Closed max-vassili3v closed 2 months ago
All modified and coverable lines are covered by tests :white_check_mark:
Project coverage is 89.75%. Comparing base (
47c15ab
) to head (5ec4b3c
).
:umbrella: View full report in Codecov by Sentry.
:loudspeaker: Have feedback on the report? Share it here.
Can you make sure your unit tests are being run? I think just add include("test_sum.jl")
to runtests.jl
added changes
The test failure is very surprising. It's possible its calling sum
and this PR has changed the order of operations.
We should make sure we are consistent with the order. Can you add some tests that sum(A) == sum(Matrix(A))
for A
a banded matrix?
I noticed earlier with == that there is some floating point error and so the test fails.
I thought it was to be expected but this could be the problem
Right, this floating point error is because you are computing the sums in a different order. This is unnecessary so we can change the implementation to make sure we do things in the right order. Eg:
julia> A = randn(5,5)
5×5 Matrix{Float64}:
-0.574303 -0.909723 0.589035 0.125461 -0.85839
2.36645 -2.01842 0.305596 0.739664 0.281112
-0.449434 1.65078 0.293241 -0.12409 0.535829
0.388728 1.3232 -1.61161 -0.54598 -0.237829
-0.570773 -0.0989053 -0.515742 0.116799 -2.14109
julia> sum(A) == sum(vec(A)) # sum should traverse column-by-coumn
true
julia> sum(A) ≠ sum(vec(A')) # it doesn't match row-by-row
true
I thought it was to be expected but this could be the problem
It is expected when the order of the operations change. But all things being equal we should avoid it.

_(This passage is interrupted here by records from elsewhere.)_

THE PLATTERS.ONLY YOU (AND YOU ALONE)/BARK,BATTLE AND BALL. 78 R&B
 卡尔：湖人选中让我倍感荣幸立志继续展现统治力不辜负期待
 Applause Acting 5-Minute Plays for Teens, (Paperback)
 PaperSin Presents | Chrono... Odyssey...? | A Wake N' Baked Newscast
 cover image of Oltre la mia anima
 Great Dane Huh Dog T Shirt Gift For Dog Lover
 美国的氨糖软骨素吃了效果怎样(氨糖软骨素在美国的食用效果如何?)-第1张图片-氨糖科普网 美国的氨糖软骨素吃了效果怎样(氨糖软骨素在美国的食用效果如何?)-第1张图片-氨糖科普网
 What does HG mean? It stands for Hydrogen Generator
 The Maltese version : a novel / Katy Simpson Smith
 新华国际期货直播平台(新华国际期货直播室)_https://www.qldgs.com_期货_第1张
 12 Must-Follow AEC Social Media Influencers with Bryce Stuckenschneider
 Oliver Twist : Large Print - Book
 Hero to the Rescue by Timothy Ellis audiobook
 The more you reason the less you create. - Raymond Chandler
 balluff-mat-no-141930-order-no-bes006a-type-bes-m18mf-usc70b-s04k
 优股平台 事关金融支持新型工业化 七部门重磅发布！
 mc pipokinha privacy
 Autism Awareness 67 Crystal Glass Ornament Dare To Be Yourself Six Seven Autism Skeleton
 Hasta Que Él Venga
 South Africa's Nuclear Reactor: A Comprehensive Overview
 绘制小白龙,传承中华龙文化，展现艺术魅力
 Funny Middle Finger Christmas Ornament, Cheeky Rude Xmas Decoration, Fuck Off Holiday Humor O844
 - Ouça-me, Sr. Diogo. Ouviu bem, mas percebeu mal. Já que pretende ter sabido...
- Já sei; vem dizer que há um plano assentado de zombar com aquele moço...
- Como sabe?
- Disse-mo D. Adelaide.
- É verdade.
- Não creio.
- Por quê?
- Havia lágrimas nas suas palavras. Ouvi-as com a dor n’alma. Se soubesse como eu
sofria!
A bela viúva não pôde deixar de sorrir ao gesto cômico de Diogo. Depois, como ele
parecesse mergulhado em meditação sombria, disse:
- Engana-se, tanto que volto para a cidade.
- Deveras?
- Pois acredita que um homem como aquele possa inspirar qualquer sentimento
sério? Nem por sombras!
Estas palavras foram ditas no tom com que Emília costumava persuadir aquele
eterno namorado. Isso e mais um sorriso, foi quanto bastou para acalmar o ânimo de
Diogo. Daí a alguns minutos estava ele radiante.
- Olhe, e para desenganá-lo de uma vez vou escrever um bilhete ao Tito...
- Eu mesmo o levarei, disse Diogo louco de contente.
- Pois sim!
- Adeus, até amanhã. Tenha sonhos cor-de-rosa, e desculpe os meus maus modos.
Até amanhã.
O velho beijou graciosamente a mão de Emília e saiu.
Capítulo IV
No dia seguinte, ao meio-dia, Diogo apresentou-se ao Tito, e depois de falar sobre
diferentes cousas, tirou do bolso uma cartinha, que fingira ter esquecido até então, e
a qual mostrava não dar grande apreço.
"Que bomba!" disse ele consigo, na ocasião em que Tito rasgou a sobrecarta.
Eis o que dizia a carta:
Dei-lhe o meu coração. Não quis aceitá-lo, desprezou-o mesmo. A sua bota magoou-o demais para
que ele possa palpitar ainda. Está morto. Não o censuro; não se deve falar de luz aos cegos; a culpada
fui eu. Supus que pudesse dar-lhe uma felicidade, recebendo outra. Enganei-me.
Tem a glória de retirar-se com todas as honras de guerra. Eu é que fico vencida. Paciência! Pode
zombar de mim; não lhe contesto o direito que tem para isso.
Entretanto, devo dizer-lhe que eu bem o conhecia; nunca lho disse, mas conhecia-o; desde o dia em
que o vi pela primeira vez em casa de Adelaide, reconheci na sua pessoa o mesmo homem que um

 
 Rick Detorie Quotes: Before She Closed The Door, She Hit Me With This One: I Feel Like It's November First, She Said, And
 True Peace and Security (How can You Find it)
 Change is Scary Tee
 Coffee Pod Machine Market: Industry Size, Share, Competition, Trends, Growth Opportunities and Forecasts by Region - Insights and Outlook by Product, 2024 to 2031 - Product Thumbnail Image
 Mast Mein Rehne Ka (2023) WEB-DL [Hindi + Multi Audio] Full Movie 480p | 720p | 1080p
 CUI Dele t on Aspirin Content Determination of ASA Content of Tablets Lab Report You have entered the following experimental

Also, traversing column-by-column will be much faster than row-by-row since it accesses memory in order.
I've changed the traversal order but I still get floating point error on the tests without dims and dims = 1. It's a different type, but I've also noticed that sum(vec(A)) == sum(Matrix(A)) for BandedMatrix A returns false
Can you push your changes? Note I made a suggestion that fixes the order for the no-dims case
It's a different type, but I've also noticed that sum(vec(A)) == sum(Matrix(A)) for BandedMatrix A returns false
Wouldn't a better check for this probably be that sum(vec(A)) == foldl(+, Matrix(A))
?
This is a similar problem in e.g. SparseArrays where A = sprand(1000, 1000, 0.001); sum(vec(A)) == sum(Matrix(A))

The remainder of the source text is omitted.